Ampara’s point of view appears as she is a translator, taking care of her home and answering the telephone to do her job translating for police and social workers in Oakland.  Chapters follow with Filipinos living in California, a viciously abused woman, a women who is carrying an unwanted pregnancy, and so many more tales.  What is most striking about these suffering women is the loneliness of American life for them and their painfully raw nostalgia for their native home.  Ampara tries to stay neutral but one story in particular sets off her own painfully poignant memories.  When she meets her Uncle several times, a recovering alcohol holding his own secrets, he is reluctant to address the issues and secrets Ampara knows he is harboring.  She has a solid relationship with a new boyfriend and wouldn’t consider leaving but her heart aches for her mother, no not Senora Concha but Marcela who acted as her “real” mother for some odd reason most of Ampara’s life.  Marcela realizes she needs to catch up with connecting with her children but her fear of scandal is larger than her maternal instincts. We will later know why and the immense consequences of that secret.

We also meet Beverly, a maid who is cousin to Ampara, who has her own awful story regarding her deceased mother and her present issues as the wife of a white man who treats her like a dog and will even try to ship her back home – for good!  She is actually more of a central character than Ampara because Beverly’s story parallels the story of so many young Filipino woman in America.

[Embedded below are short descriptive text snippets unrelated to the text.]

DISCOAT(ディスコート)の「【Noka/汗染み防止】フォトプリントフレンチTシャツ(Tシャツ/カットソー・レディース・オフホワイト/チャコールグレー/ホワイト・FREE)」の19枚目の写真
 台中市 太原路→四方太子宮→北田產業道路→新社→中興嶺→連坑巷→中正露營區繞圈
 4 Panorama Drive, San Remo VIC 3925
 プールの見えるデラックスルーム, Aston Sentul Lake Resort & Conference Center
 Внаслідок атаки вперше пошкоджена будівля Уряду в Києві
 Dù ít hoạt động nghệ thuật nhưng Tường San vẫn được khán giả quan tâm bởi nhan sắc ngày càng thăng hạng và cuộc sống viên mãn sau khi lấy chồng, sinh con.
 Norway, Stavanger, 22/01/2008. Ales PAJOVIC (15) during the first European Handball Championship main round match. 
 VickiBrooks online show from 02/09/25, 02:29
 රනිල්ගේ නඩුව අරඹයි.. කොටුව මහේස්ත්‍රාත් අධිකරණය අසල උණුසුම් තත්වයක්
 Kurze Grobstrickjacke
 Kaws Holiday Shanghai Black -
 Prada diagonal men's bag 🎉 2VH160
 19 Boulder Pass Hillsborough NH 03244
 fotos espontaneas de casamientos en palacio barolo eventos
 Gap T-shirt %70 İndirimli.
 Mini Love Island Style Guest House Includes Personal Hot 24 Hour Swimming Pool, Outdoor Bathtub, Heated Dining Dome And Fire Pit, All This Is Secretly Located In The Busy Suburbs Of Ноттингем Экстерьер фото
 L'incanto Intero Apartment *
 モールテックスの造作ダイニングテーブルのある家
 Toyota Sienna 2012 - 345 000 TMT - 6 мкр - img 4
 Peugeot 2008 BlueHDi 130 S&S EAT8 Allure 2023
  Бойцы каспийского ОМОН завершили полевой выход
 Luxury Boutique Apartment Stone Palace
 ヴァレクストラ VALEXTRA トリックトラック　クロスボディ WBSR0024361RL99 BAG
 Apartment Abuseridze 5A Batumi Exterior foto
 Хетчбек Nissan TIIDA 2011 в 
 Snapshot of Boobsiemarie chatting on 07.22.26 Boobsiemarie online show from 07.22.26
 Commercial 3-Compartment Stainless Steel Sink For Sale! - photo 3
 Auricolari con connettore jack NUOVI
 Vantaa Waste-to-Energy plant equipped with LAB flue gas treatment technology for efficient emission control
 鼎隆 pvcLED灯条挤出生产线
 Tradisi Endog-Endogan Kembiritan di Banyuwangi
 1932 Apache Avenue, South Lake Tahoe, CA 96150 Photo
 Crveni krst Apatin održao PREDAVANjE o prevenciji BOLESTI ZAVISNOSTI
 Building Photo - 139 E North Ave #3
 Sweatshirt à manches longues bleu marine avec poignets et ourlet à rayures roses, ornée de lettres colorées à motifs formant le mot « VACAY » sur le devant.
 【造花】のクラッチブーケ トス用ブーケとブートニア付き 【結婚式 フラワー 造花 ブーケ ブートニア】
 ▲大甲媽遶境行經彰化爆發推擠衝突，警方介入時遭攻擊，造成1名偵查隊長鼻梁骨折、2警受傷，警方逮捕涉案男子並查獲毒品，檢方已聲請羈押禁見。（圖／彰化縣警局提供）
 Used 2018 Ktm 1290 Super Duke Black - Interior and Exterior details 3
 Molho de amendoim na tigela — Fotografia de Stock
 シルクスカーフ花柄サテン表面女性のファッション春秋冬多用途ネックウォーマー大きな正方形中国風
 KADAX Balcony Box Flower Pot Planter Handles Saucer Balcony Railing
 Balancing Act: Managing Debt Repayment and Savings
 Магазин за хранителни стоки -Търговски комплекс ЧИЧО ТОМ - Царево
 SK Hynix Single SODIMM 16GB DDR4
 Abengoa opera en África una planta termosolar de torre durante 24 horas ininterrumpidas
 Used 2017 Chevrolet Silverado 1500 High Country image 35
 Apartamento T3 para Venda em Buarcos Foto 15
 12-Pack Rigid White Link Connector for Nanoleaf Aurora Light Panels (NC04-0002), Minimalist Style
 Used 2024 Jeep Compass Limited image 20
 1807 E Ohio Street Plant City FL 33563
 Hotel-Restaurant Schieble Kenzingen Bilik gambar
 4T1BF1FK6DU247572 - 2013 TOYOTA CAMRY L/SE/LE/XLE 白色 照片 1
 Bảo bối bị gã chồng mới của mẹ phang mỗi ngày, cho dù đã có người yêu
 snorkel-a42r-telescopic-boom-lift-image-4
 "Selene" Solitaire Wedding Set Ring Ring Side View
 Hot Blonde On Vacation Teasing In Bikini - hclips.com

This notable novel almost defies description.  Loyalty, family, gender roles, gender abuse, betrayal, revelation, repentance are just a few of the topics that these potent scenes address and which one appreciates as a sign of the immigrant and cultural experiences herein that one has never previously realized.  If you, the reader, are not there, this book will amaze you; if you, the reader relate, there is comfort, truth and healing herein.  Finely crafted novel and superb contemporary fiction, Marivi Soliven! Great read!